**Exercise brief:**
Repeat exactly the lines of the records below, starting at the line containing "PBOT Road sign" and ending at the line containing "Новогодний олень". Leave the pictures out.

**Given records:**
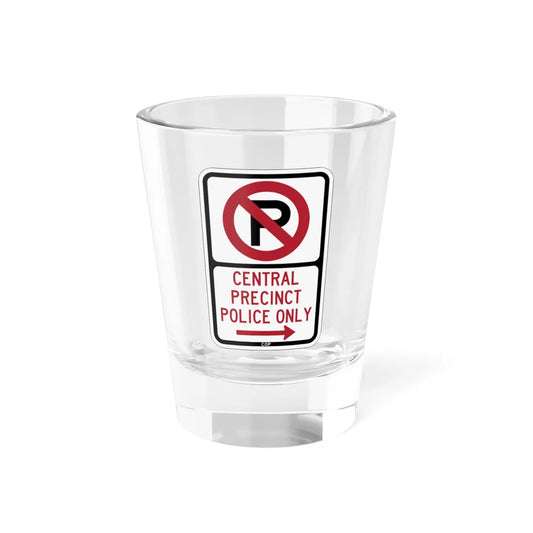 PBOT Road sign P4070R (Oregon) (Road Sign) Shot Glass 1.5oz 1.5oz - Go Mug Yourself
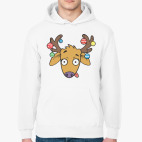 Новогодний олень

--

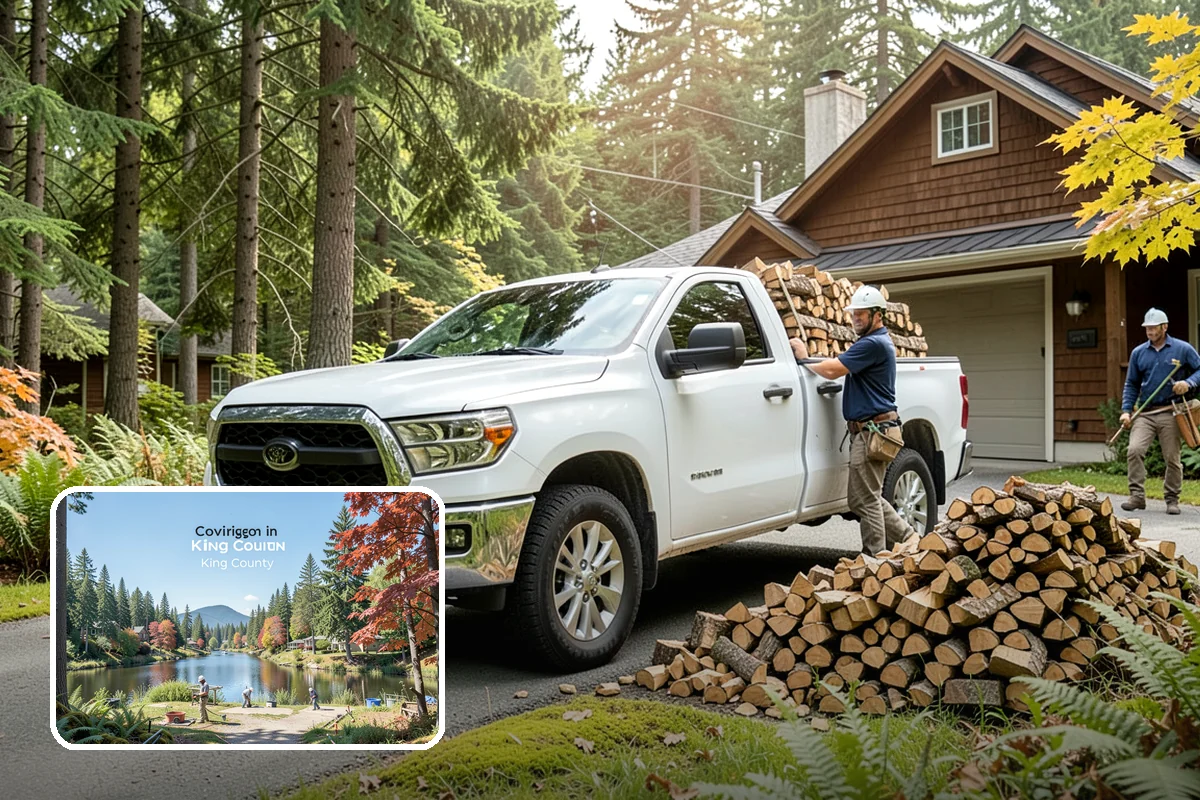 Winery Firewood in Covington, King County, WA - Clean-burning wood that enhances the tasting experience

--

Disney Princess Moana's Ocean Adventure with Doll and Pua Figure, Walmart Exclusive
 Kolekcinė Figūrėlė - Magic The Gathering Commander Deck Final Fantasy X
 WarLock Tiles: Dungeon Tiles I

**Response to the exercise:**
 PBOT Road sign P4070R (Oregon) (Road Sign) Shot Glass 1.5oz 1.5oz - Go Mug Yourself
 Новогодний олень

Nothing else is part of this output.